Vor rund 2000 Fans im Schatten des Gerry-Weber-Stadions von Halle holte er damals gegen einen Rumänen namens Victor Crivoi den ersten Punkt und wurde später für seine Saisonbilanz von 9:0-Siegen als Mr. Bundesliga ausgezeichnet. Jetzt darf der stille Sauerländer an diesem Donnerstag (nicht vor 19.00 Uhr MESZ) in das 10 000 Zuschauer fassende Louis-Armstrong-Stadium von New York, die zweitgrößte Arena auf der Anlage im Flushing Meadows Corona Park. Überraschenderweise setzten die US-Open-Organisatoren die Partie gegen die Nummer eins der Gastgebernation nicht im Arthur-Ashe-Stadium an.

Die Schlägerkunst hat Struff im Warsteiner Tennispark erlernt, Vater Dieter ist dort Sportwart, Mutter Martina arbeitet als Tennislehrerin. Bei einem Grand-Slam-Turnier hat er es erst zum dritten Mal überhaupt in die zweite Runde geschafft. Der ATP-Computer führt ihn auf Platz 77. Bei der knappen Niederlage in Frankreich im April gehörte Struff erstmals zum deutschen Davis-Cup-Team, kam in Nancy aber nicht zum Einsatz. „Das hat mir sehr viel Spaß gemacht. Ich spiele sehr gern in einer Mannschaft“, sagte Struff - eine eher untypische Aussage für die Individual-Sportart Tennis.

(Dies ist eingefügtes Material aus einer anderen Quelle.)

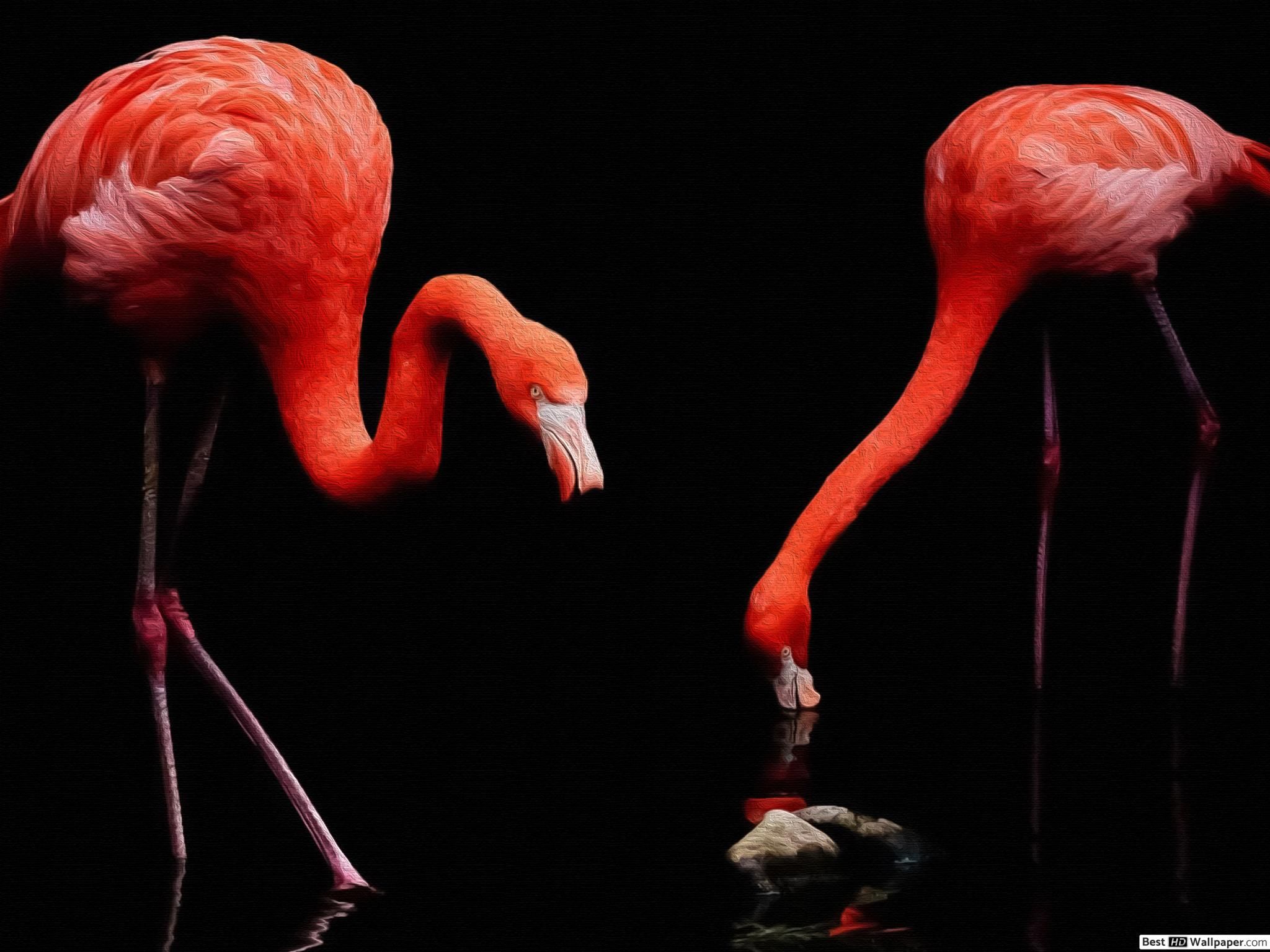 Black Flamingo Wallpapers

Vom Andrang bei der Pressekonferenz scheint der 1,96 Meter große Struff überrascht, wirkt fast ein wenig eingeschüchtert. Mit leiser Stimme betont er gefühlte hundert Mal, dass er ein „eher ruhiger Typ“ sei, dass es ihm helfe, „auf dem Platz ruhig zu bleiben“ und dass er „schon als Kind immer ruhig“ war. Und dann sagt er noch den schönen Satz: „Ich freue mich schon riesig, aber ich vermittel das nicht so.“

Gerade eben hatte Struff gegen den Kasachen Michail Kukuschkin, als Nummer 50 der Welt immerhin fast 30 Plätze besser eingestuft als der Westfale, einen 0:2-Satzrückstand noch gedreht. Nach 3:13 Stunden hatte er seinen Kontrahenten 2:6, 3:6, 6:3, 6:3, 7:5 niedergerungen. Nach einem wahren Rollercoaster und drei vergebenen Matchbällen beim Stand von 5:4. Zum zweiten Mal erst bestritt er am Dienstag ein Tennis-Match über fünf Sätze. Doch statt zur Regeneration in die Eistonne zu steigen, setzte er sich erst einmal aufs Rad.

„Ein Eisbad habe ich noch nie gemacht“, erzählte Struff, die weiße Baseballmütze verkehrt herum auf dem Kopf und die riesige Flasche mit einem gelben isotonischen Sportgetränk vor sich auf dem Tisch. Der Totenkopf auf seinem T-Shirt passt so gar nicht zu seinem Auftreten. „Ich habe mich ein bisschen ausgeruht und habe versucht, ein bisschen runterzukommen“, sagte Struff in seiner Tonlage, die ein wenig an den Kabarettisten Rüdiger Hoffmann („Ja, hallo erst mal“) erinnert.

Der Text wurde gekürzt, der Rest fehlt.